An interesting read on space piracy, but not enough to convince me that it is a viable option. Say your pirate does knock out the target ship's maneuver drive. That target ship does not simply come to an abrupt halt in space, but keeps on going at the same speed on whatever vector it was traveling. This means that it might hit the planet it was traveling too, and without any way of slowing down, is going to make an impressive hole when it hits, or it misses the planet and goes into an orbit about the local star if inbound, so sails off into the depths of space if outbound. That means either the crew manages to get someone to rescue them before dying, or they die. The loss of the ship is going to make the owners a bit unhappy, and really drive up insurance rates. Based on the experience of a couple of World Wars and sundry other actions, when insurance rates hit 10% of the value of ship and cargo, shipping stops, if you trash too many ships, the ships stop coming.

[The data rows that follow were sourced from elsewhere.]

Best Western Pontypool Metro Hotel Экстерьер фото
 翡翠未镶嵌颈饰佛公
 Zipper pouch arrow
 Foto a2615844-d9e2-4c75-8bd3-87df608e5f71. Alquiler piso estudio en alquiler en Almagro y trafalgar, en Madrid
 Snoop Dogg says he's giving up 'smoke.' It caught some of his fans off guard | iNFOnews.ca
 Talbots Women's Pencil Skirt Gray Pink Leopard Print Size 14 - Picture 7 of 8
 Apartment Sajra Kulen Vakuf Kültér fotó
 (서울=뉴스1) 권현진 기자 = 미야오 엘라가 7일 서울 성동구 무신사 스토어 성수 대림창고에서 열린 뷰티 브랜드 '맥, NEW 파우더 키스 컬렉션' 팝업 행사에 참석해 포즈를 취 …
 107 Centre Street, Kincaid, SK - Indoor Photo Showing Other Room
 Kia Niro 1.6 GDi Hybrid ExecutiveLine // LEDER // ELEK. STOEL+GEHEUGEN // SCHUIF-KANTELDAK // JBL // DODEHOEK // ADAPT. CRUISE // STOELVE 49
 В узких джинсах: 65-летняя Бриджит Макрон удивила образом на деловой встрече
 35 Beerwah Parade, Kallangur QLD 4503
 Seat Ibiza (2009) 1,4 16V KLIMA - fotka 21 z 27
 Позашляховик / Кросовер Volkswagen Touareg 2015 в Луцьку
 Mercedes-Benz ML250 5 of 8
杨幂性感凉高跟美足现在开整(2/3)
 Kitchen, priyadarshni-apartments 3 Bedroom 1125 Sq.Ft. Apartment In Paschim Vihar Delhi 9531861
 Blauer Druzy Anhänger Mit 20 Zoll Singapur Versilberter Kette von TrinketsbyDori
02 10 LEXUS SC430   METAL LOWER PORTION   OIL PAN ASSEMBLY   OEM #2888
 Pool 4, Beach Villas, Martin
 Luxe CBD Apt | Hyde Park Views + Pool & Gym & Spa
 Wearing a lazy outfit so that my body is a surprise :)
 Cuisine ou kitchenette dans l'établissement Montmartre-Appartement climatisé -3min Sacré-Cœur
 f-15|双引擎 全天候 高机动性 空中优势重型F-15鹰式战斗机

Then there is the problem of getting onboard after knocking out the maneuver drive. If the ship is armored, cutting it open to get in is not going to be a 10 minute job. And because the crew is going to have a pretty good idea as to where you are cutting through, they will have a lot of time to prepare all sorts of welcoming entertainment for the pirate boarders. As the crew is likely to be dead anyway, they might as well make sure that the pirates die too.
I doubt that I will change anyone's minds regarding space piracy, but I thought that I would at least voice me opinion. Ignore it as you wish.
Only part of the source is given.